Gyan, the business advisor, was talking to Kiran, John and Chetan, who were planning to start a new business. One of the points they spoke about was the money each one would bring into the company and the possible equity structure of the new company. Gyan said, "In the recent past, I have seen many partnerships enduring and also many teams break up. Some partnerships and founding teams can stay through thick and thin; some founding teams break up over the smallest trifles. I have seen friends start a company and become bitter enemies; on the other hand there are strangers who really bond. Strange?? Well this is a reflection of human nature and the variety of people we see and the equations between people."
(For more in the Caselet series .. check out the earlier post: Are you ready for VC Investment?)
Entrepreneurs need to spend a lot of energy in starting and running a venture, so it would be worth their while to think through the people issues at the founding team level before starting out.
These are some questions that Gyan asks them to think through:
- How will they decide to allot shares amongst themselves; will it be based on money brought into the venture, time spent in the company, nature of work, experience and qualification of the person coming in or a combination of these?
- Is there a difference in value add perceived – i.e. who is seen as adding more value in the company – is it the person bring in more money, or the person bring in the business, or the person delivering the solutions? The founders may decide that all are equal partners, but after six months, if one person has got all the business and is involved in delivery and another partner has only been associated with delivery and has not been able to get any business for the company; it is quite likely that there could be some issues. Then again is six months a sufficient time to judge performance? Who decides?
- If there are different perceptions regarding some key decisions to be made, then who will decide? For example, there may be an opportunity to sell in Europe. One of the founders of the company may want to take this up. Another founder may feel that this is not a good option and may want to concentrate on increasing sales in the existing US markets. He may feel that the same effort and money may get more revenue in US in the short term. The third founder may be undecided. The question: who decides in such a situation? The founders may be equal shareholders in the company and may come with similar experience and qualifications.

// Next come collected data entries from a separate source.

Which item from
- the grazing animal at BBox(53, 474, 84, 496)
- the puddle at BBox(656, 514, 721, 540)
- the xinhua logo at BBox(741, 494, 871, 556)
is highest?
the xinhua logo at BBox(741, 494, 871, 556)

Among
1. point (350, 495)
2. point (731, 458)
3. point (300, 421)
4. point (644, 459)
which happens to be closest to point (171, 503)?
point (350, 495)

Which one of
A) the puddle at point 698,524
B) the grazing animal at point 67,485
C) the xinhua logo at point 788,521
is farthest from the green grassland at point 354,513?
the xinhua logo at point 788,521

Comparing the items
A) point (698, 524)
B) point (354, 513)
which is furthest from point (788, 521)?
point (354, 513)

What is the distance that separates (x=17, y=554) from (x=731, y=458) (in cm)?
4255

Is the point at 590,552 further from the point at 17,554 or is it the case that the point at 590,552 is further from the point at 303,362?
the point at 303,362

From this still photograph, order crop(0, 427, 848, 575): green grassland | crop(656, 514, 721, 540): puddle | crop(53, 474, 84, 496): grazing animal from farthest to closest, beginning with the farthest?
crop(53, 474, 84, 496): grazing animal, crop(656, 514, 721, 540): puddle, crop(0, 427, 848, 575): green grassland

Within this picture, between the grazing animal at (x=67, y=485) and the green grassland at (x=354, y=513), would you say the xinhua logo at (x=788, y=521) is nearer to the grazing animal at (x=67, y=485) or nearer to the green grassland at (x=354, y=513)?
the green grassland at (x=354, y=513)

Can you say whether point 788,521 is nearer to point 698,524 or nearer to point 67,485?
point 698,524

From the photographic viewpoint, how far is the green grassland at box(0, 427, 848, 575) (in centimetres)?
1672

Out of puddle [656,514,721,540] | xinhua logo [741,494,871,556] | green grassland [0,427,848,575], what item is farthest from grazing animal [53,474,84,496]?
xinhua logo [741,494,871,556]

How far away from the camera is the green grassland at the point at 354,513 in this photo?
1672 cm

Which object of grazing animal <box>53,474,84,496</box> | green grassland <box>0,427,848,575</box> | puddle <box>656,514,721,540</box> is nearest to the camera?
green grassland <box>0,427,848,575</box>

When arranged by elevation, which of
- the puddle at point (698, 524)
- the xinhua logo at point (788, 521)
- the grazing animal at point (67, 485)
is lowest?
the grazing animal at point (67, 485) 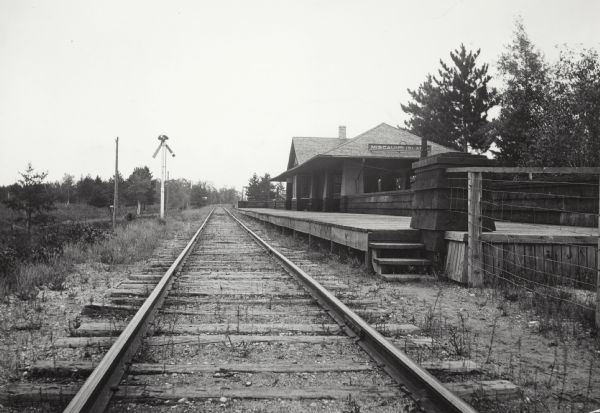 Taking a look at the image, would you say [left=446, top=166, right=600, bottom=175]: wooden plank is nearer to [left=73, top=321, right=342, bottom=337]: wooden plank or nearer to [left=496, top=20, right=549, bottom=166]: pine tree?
[left=73, top=321, right=342, bottom=337]: wooden plank

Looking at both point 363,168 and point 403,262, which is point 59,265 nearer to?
point 403,262

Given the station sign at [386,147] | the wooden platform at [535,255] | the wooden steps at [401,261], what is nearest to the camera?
the wooden platform at [535,255]

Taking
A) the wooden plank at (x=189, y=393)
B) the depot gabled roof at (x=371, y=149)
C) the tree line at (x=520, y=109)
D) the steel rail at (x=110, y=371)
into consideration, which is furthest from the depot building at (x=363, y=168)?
the wooden plank at (x=189, y=393)

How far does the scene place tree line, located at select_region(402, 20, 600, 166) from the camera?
21172 mm

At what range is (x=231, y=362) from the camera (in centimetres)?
292

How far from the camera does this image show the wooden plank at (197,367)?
2.64 m

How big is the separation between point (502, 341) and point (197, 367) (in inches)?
98.5

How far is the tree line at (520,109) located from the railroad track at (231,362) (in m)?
Result: 21.3

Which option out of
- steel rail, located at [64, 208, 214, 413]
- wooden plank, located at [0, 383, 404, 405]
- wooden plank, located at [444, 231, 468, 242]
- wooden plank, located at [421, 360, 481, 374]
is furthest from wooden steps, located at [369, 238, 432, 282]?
wooden plank, located at [0, 383, 404, 405]

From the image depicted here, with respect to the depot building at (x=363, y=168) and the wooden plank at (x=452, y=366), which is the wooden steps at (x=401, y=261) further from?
the depot building at (x=363, y=168)

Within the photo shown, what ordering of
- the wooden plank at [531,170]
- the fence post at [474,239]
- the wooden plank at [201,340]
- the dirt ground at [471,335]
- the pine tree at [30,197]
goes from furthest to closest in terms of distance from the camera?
the pine tree at [30,197] → the fence post at [474,239] → the wooden plank at [531,170] → the wooden plank at [201,340] → the dirt ground at [471,335]

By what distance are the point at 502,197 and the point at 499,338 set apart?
24.8 ft

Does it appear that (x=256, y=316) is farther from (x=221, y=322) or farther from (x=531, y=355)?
(x=531, y=355)

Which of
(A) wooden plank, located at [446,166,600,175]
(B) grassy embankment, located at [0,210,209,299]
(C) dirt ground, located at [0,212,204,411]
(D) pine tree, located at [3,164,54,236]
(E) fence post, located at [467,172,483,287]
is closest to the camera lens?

Gyan then took Kiran, John and Chetan through a recent issue which he had come across. Sheila and Jenny had started a business. Initially they estimated the requirement for one year at Rs.20 lakhs. The two friends decided to contribute equally to this and take equal stake in the company they were founding. In about two months, they realized that they had underestimated the requirement. They now estimated that an additional Rs.20 lakhs could be required to put the business on track. While Sheila was in a position to bring in half of this requirement, Jenny was not. Jenny wanted to look at other options and wanted to take the money from a third person who was interested in joining this venture. Sheila could afford the extra amount, unlike Jenny, further Sheila’s financial position was such that she could bring in the entire extra funds required and she offered to do so. This lead to a conflict as Jenny wanted to be an equal partner in the business.Summing up, Gyan said that Human egos can be fragile and many times it is a clash of egos which can trigger a problem. Founders should recognise this and try to have realistic expectations of themselves and others. In this case, the three founders should think through and:
- Plan on roles and responsibilities of team members in terms of execution
- Plus think through issues of members’ contribution – in money, in kind and in intangibles
If you were in the situations similar to those mentioned above, what would you do? What would be your plan to deal with these as they came up?